--- START ---

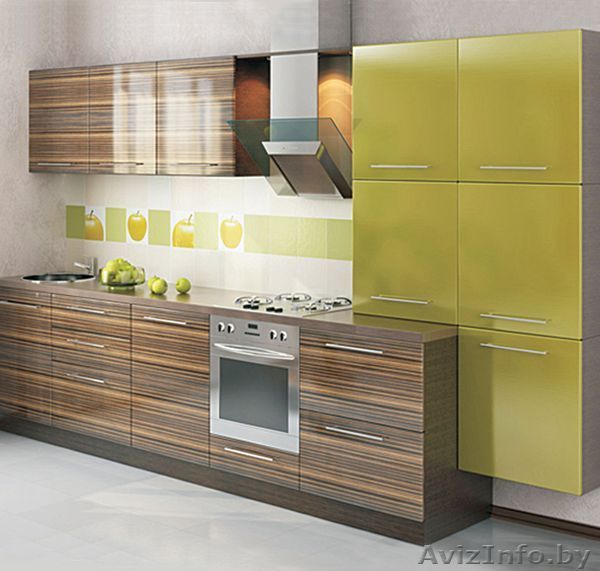 Ремонт мебели для кухни! Антикризисный способ обновить кухонный интерьер!!!! - Изображение #1, Объявление #285904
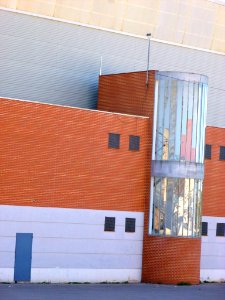 Villarrobledo - Auditorio Municipal 4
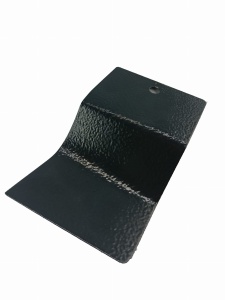 RAL 7021 Farba Proszkowa Poliestrowa Kolor Szaro-Czarny Gruba Struktura P/T3/U/7021/2-535 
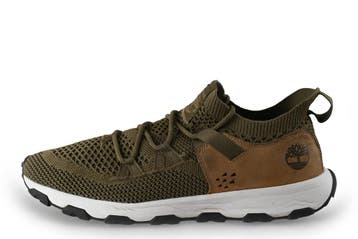 Timberland Sneakers in maat 44½ Overig, Kleding | Heren, Schoenen, Overige kleuren, Verzenden, Timberland, Sneakers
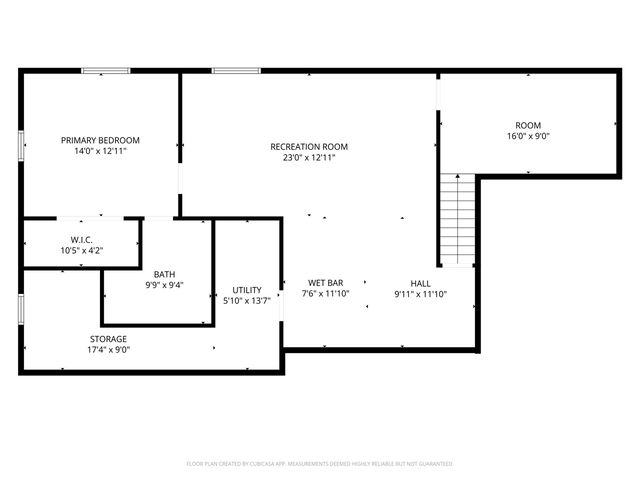 10110 E Riley Street, Zeeland, MI 49464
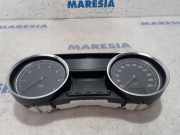 Instrumentenkombination Peugeot 508 I SW 8E 9675324680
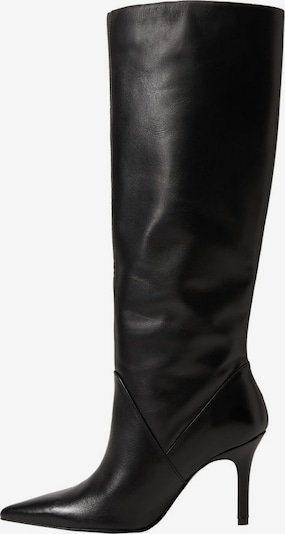 MANGO Boots 'Rosa' in Black, Item view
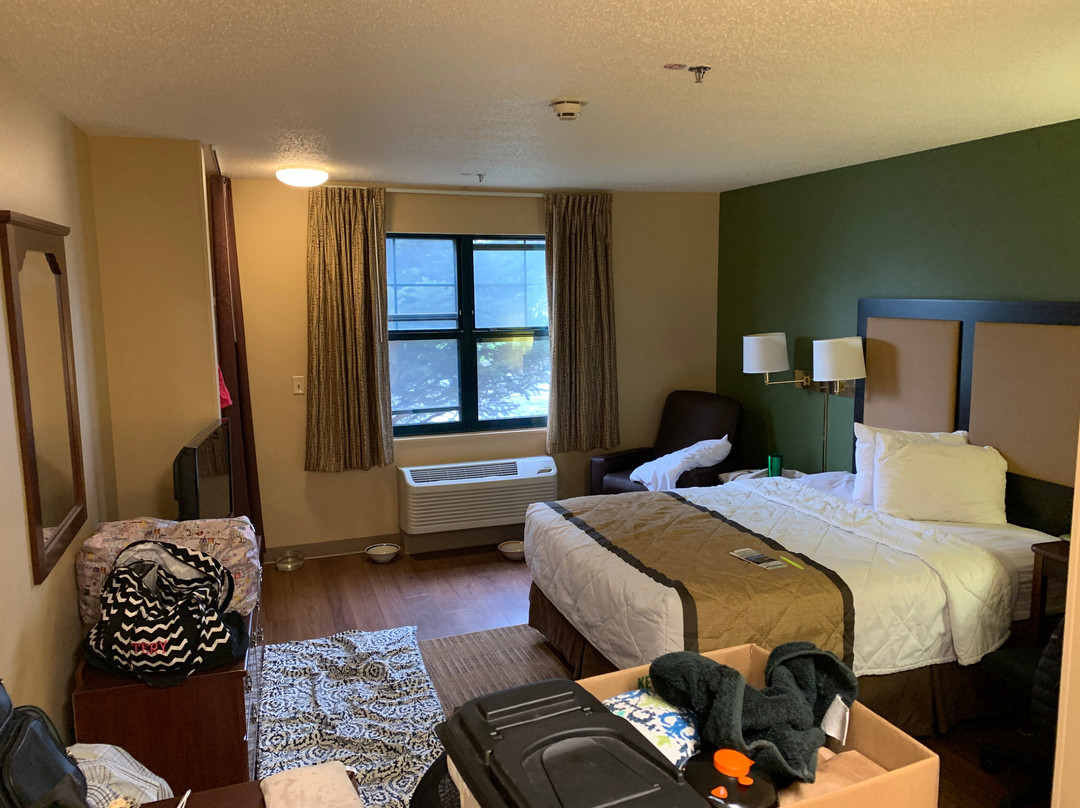 Extended Stay America - Great Falls - Missouri River主图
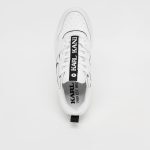 KARL KANI SHOES 89 TT HYB WHITE/BLACK KKFWM000046 - Image 2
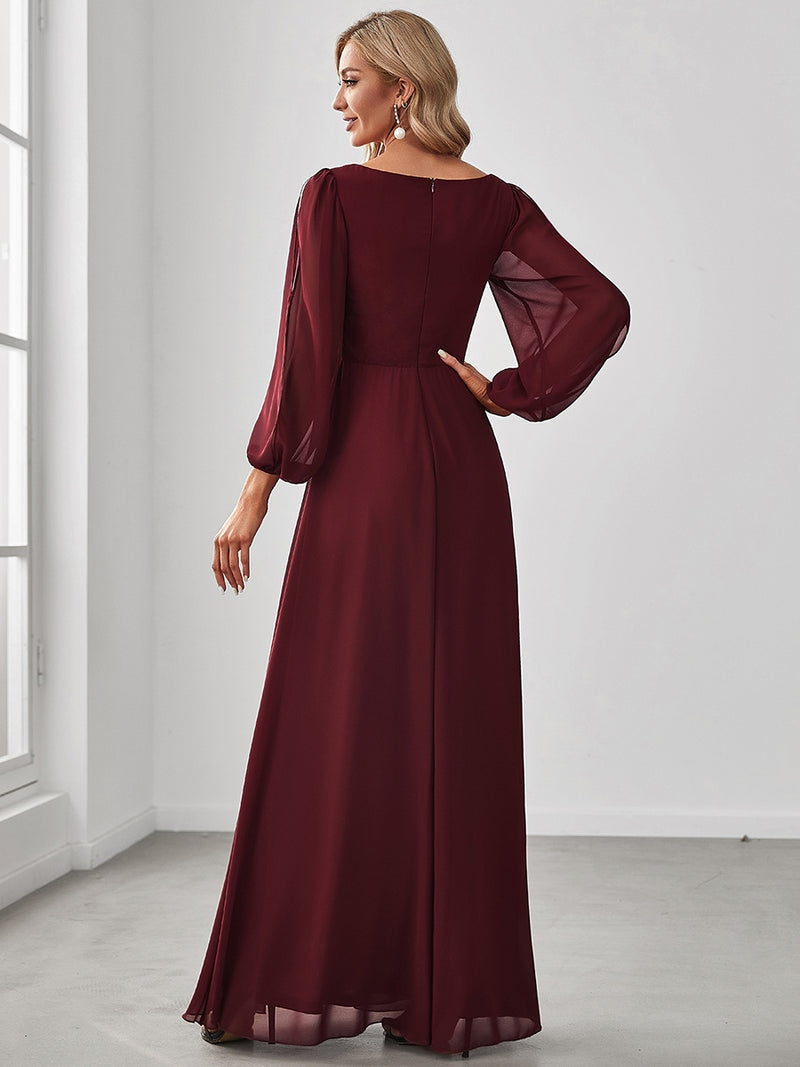 Vestido Verônica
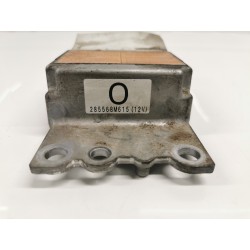 Recambio de centralita airbag para nissan almera (n16/e) acenta referencia OEM IAM 285568M615 285568M615 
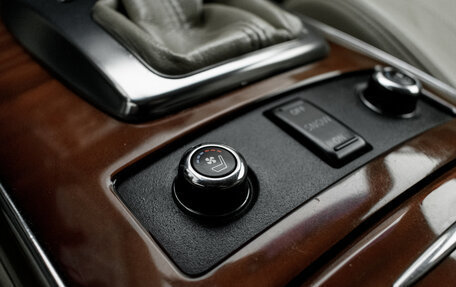 Infiniti FX II, 2011 год, 2 100 000 рублей, 27 фотография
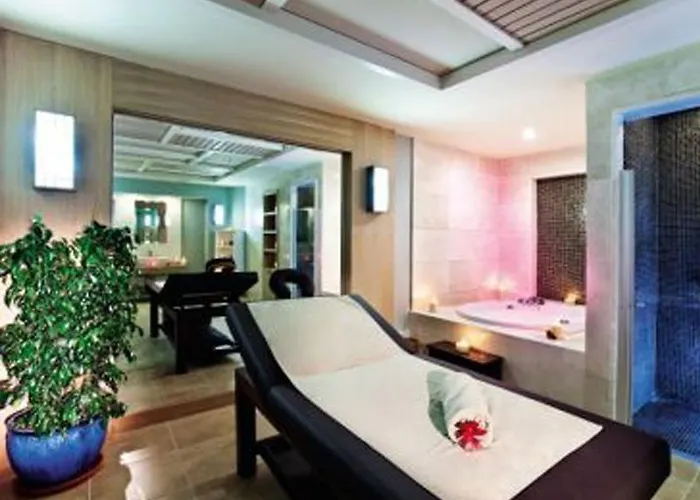 Hotell Quadas - Adult Only Marmaris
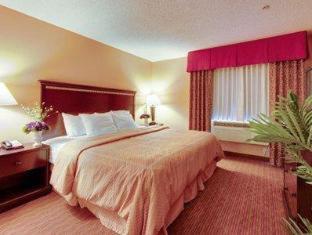 Spark By Hilton Tucson Airport Rom bilde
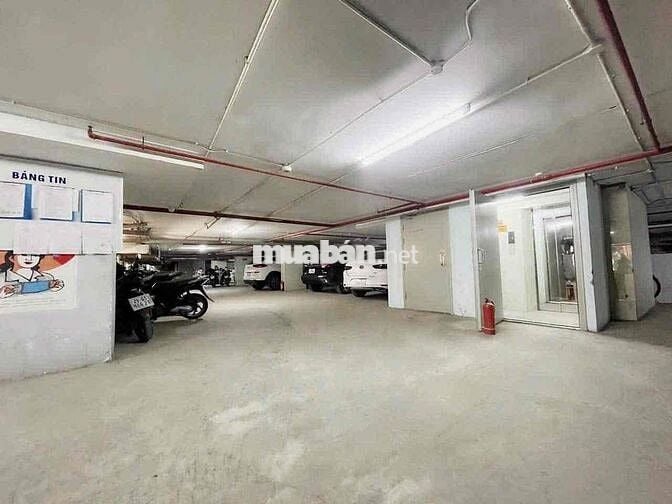 Bán 2 Căn CCMN Mới Đẹp Toà To Như CCTM - Có Hầm Ô Tô - Thanh Xuân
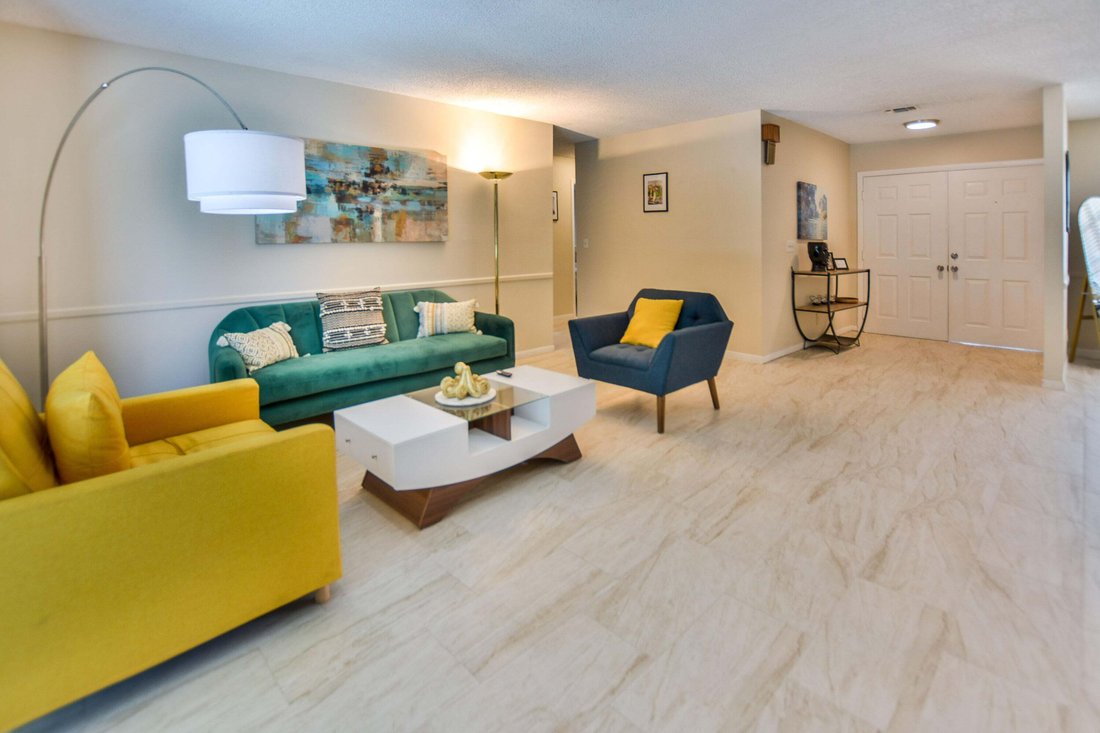 Haus in Boynton Beach, Florida, Vereinigte Staaten 2 - 19063737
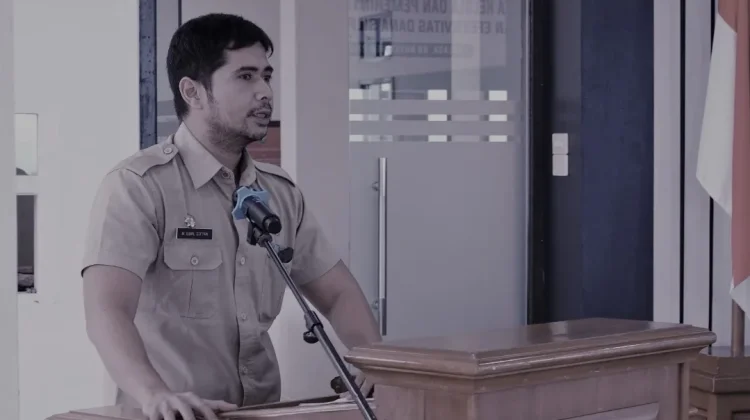 Tahun ini, Pemko Sabang Fokus Mitigasi Bencana dan Peningkatan PAD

--- END ---

## What you need to do:
Only the text of the listing above is wanted, transcribed exactly, without its images.

## Reply to the task:
 Ремонт мебели для кухни! Антикризисный способ обновить кухонный интерьер!!!! - Изображение #1, Объявление #285904
 Villarrobledo - Auditorio Municipal 4
 RAL 7021 Farba Proszkowa Poliestrowa Kolor Szaro-Czarny Gruba Struktura P/T3/U/7021/2-535 
 Timberland Sneakers in maat 44½ Overig, Kleding | Heren, Schoenen, Overige kleuren, Verzenden, Timberland, Sneakers
 10110 E Riley Street, Zeeland, MI 49464
 Instrumentenkombination Peugeot 508 I SW 8E 9675324680
 MANGO Boots 'Rosa' in Black, Item view
 Extended Stay America - Great Falls - Missouri River主图
 KARL KANI SHOES 89 TT HYB WHITE/BLACK KKFWM000046 - Image 2
 Vestido Verônica
 Recambio de centralita airbag para nissan almera (n16/e) acenta referencia OEM IAM 285568M615 285568M615 
 Infiniti FX II, 2011 год, 2 100 000 рублей, 27 фотография
 Hotell Quadas - Adult Only Marmaris
 Spark By Hilton Tucson Airport Rom bilde
 Bán 2 Căn CCMN Mới Đẹp Toà To Như CCTM - Có Hầm Ô Tô - Thanh Xuân
 Haus in Boynton Beach, Florida, Vereinigte Staaten 2 - 19063737
 Tahun ini, Pemko Sabang Fokus Mitigasi Bencana dan Peningkatan PAD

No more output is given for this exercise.